My latest is up over at the Truman National Security Project’s Doctrine Blog. I’ve posted a few snips below, but be sure to head on over to read the whole thing.
In his 2011 budget, Ryan supported Defense Secretary Robert Gates’s proposal to save $178 billion over five years in reductions and efficiencies, as well as the Obama administration’s plan for a smaller increase in spending, year over year. Ryan’s proposal closely paralleled the President’s request, but in doing so, enflamed some members of his own party. Anticipating the details of the forthcoming proposal, 29 members of the House Armed Services Committee, led by Chairman Buck McKeon, sent a letter to Speaker Boehner requesting a $7 billion increase above the President’s request.

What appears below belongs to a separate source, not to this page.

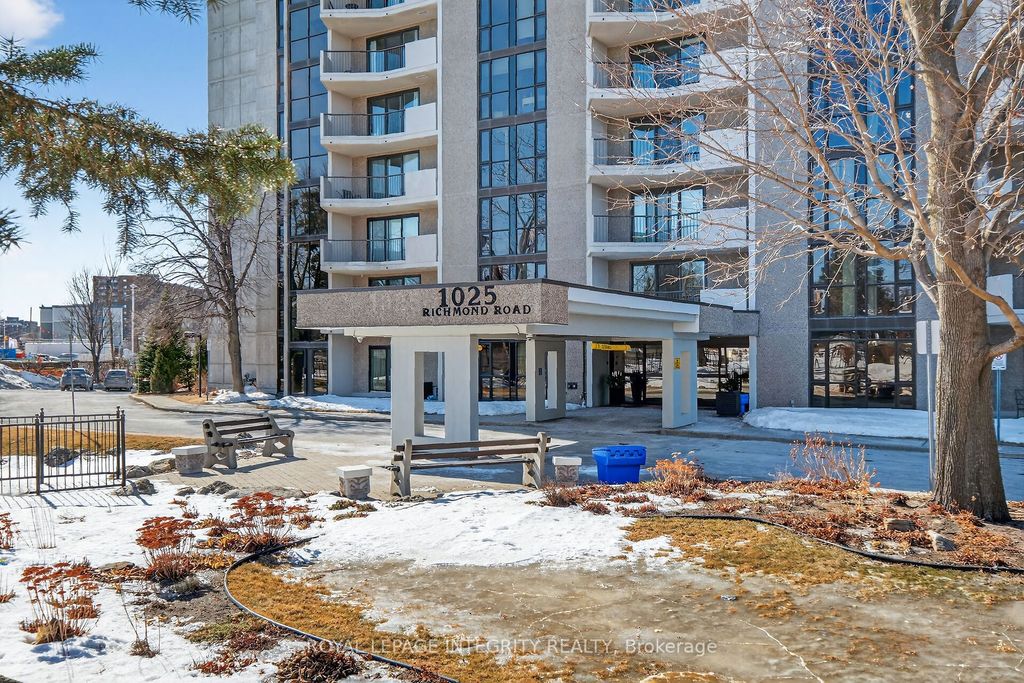 Photo of 1025 Richmond Road #2608, Woodroffe, ON K2B 8G8 (MLS # X12847822)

In contrast, Ryan’s 2012 budget outlines a military that knows no bounds.
[snip]
In a time of increasingly dangerous economic pressure, the Pentagon needs a forward-looking, balanced defense strategy optimized for 21st-century threats, but there is no evidence that Ryan’s 2012 budget is based on anything more than the Republican preference for higher defense spending at the expense of other priorities. Ryan’s budget slashes the very tools we need to make us strong and applies arbitrary increases that ignore the realities of modern war.
[snip]
Romney’s answer to concerns over his running mate’s discrepancies is that his own budget plan will take precedence, but according to the Boston Globe, “Romney’s solution [defense budget plan] is one of the most far-ranging, expensive, and perhaps least understood of his campaign.” Romney would commit at least 4 percent of the nation’s gross domestic product, without regard to strategy, to base defense spending that does not include the wars. That’s about 61 percent more over a decade than we spend now, and considerably more than Ryan himself has ever proposed. When Romney’s reason for the increase was evaluated by the Pulitzer-winning fact check website, Politifact, the argument was given its lowest truth-o-meter rating: “pants on fire.”